Moreover the anti-poverty program or Duterte’s socioeconomic agenda should be seen as an integrated, inter-departmental approach.
For example, Finance Secretary Sonny Dominguez III is involving the other Cabinet secretaries in the comprehensive tax reform program though this is the domain of the Department of Finance. This is because the proposed tax reform legislation gains credibility and support if it is linked to government spending and the delivery of public services.
And recently, the Office of Cabinet Secretary Jun Evasco took the lead in organizing a Development Summit, though it can be said that the National Anti-Poverty Commission or the National Economic and Development Authority could have done this.
The anti-poverty program is a team effort, and the Office of the Vice-President is contributing to the team effort.
Which leads me to a question raised by some who are strongly anti-Duterte: Why is Leni deodorizing or giving legitimacy to the Duterte administration? Why hold this Summit when it politically benefits the Duterte administration?
My answer: In the first place, the Duterte administration is legitimate. Duterte won the elections convincingly.
Like it or not, the people trust him and are satisfied with his performance for the first 100 days. This administration, despite Dutertes’s violence and brashness, is unlike the Ferdinand Marcos regime that had no legitimacy by grabbing power through a coup d’etat and by imposing a dictatorship. As far as I know, people, including the harshest critics, can exercise freedom of assembly, freedom of organization, freedom of the press, and other rights. In short, the political space is there to advance reforms.
Yes, extrajudicial killings are on the rise, and we should condemn all this. But we should not reject the opportunities for change and progress — and there are real opportunities like the peace with the Moros and the communists, the comprehensive tax reform package, the primary health care program, the continuation and expansion of the reforms done by the previous administration. It is not Duterte that gets hurt by non-cooperation with respect to reforms but the people, especially the pamilya sa laylayan, who desire change.
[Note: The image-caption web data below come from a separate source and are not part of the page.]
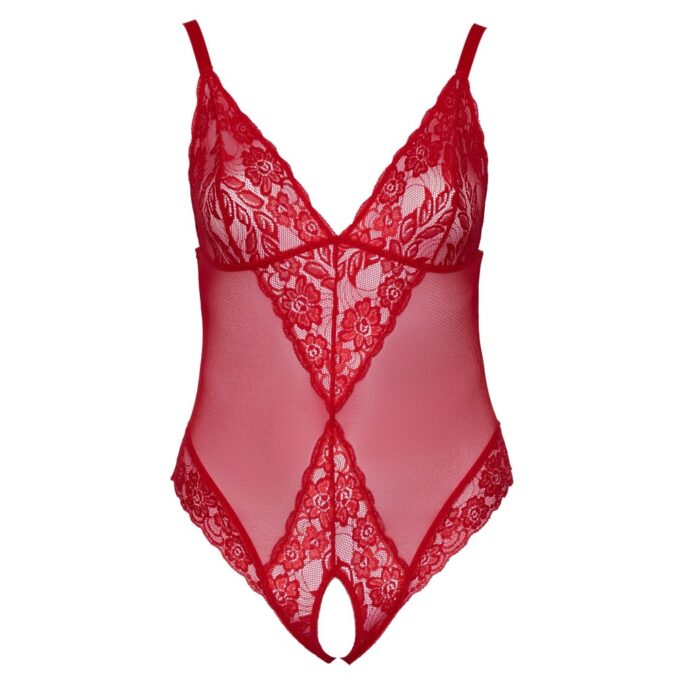 Cottelli Curves Crotchless Bodysuit Red - Image 4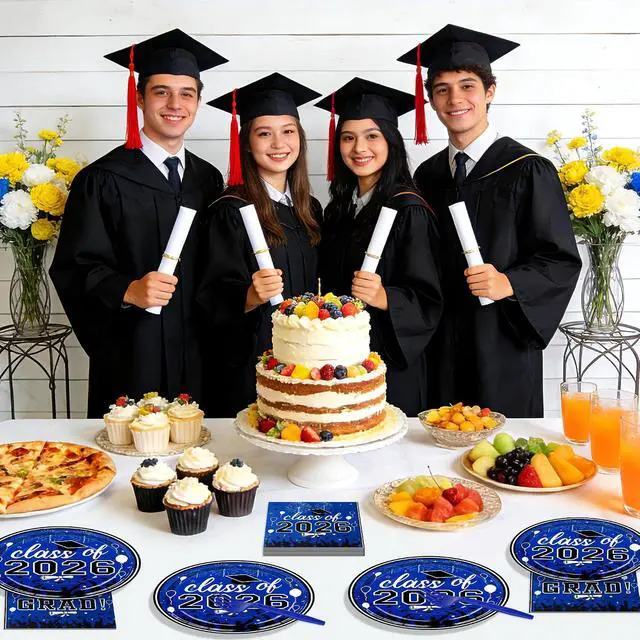 Alt view image 6 of 7 - 75 Pcs Graduation Plates and Napkins Party Supplies Set,Serves 25 Guests Blue 2026 Graduation Plates and Napkins,Disposable Paper Tableware Set for Graduation Party Decorations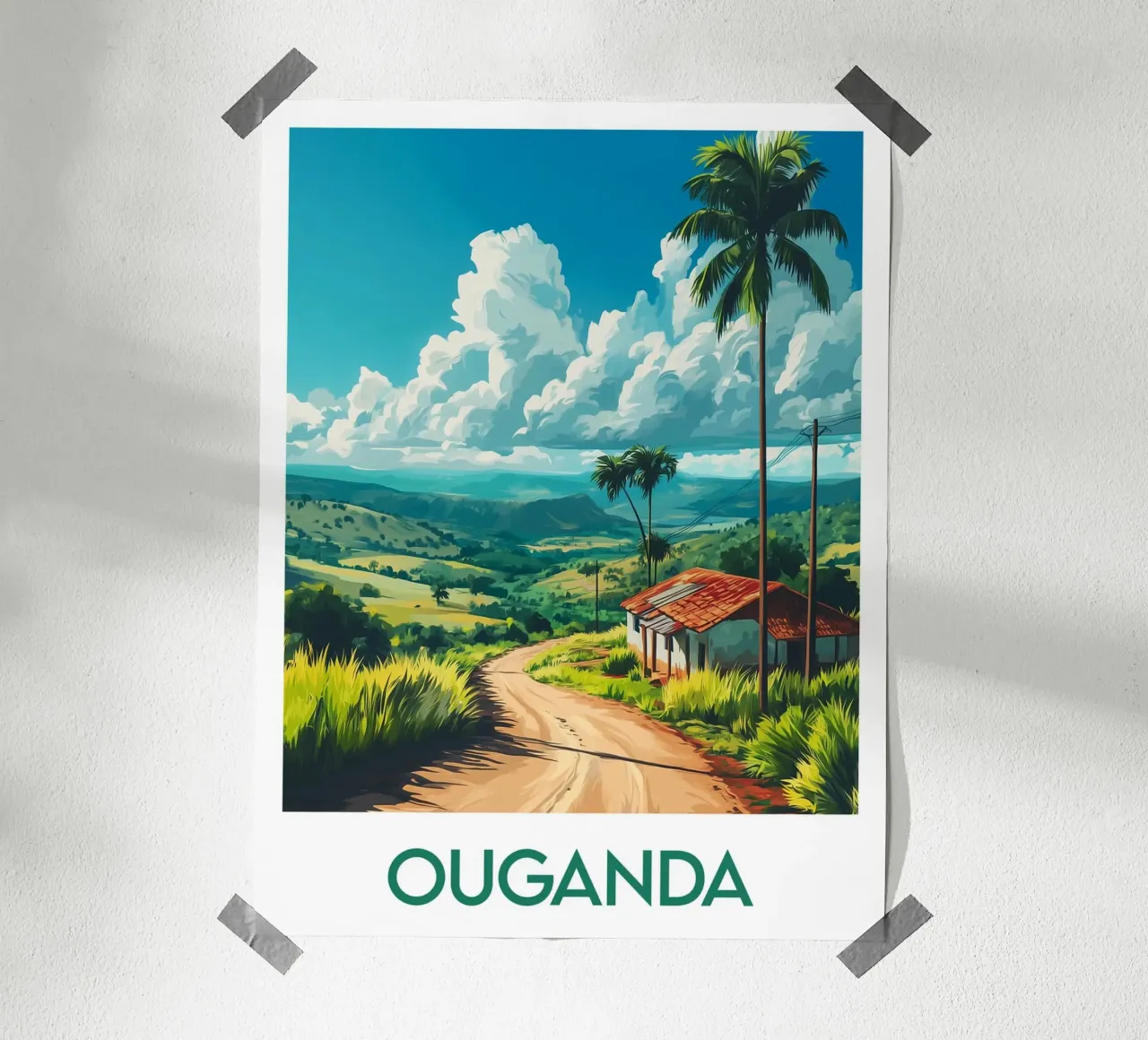 Affiche Ouganda poster con telaio in alluminio da Frame the World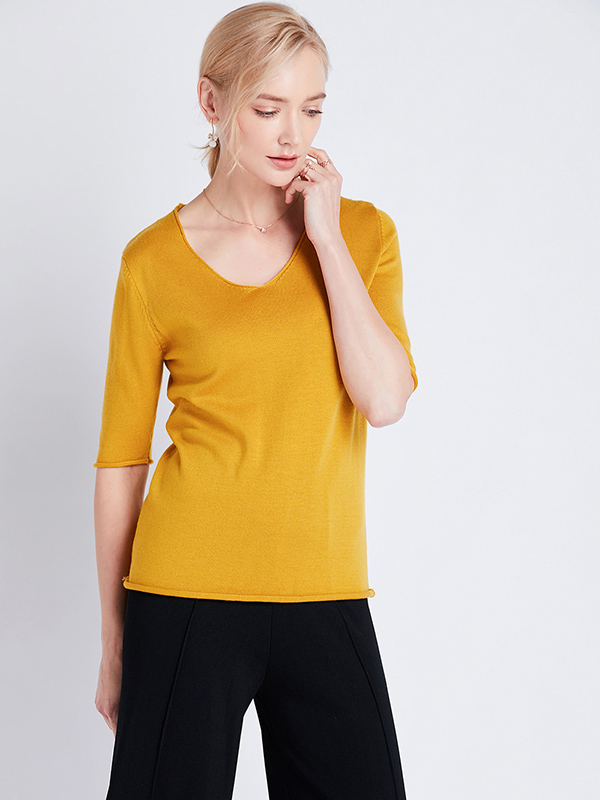 Yellow Apricot Loose Half Sleeve Wool V-Neck Sweater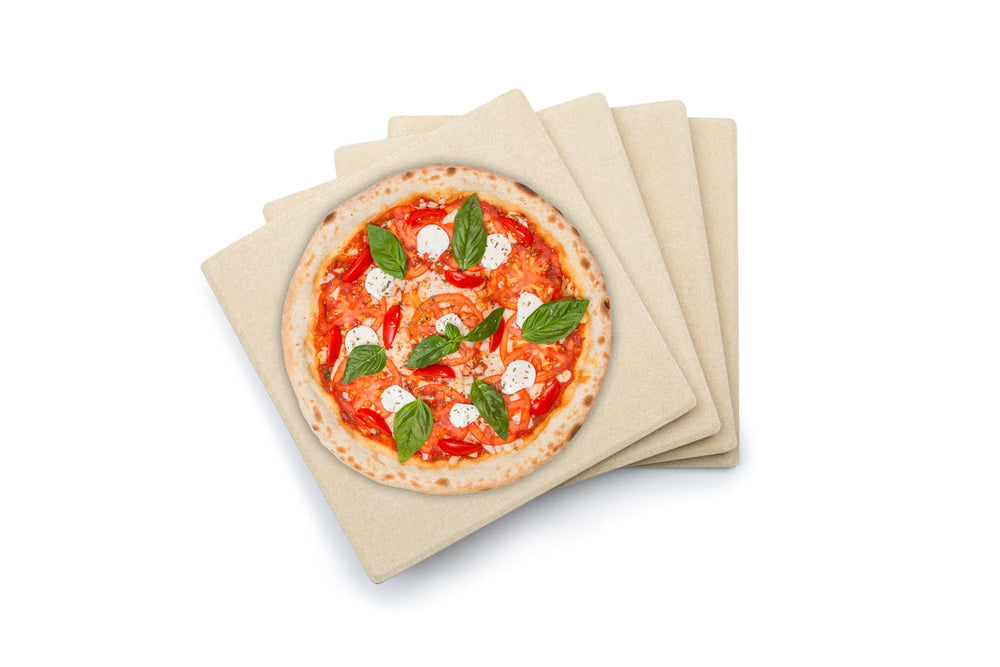 Outset front packaging showing four pizza stone tiles and set benefit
Vice-President Robredo, as demonstrated by Partnerships against Poverty, takes the long view. She will build, not destroy, institutions. She will advance reforms no matter how incremental. Incremental reforms become big changes in the long run. And she will not hesitate to contradict the President, in the same manner that other Cabinet Secretaries do, when justified.
Our Vice-President gives a new meaning to what the late Jaime Cardinal Sin called “critical collaboration.” Let’s support her Partnerships against Poverty.
Filomeno S. Sta. Ana III coordinates the Action for Economic Reforms.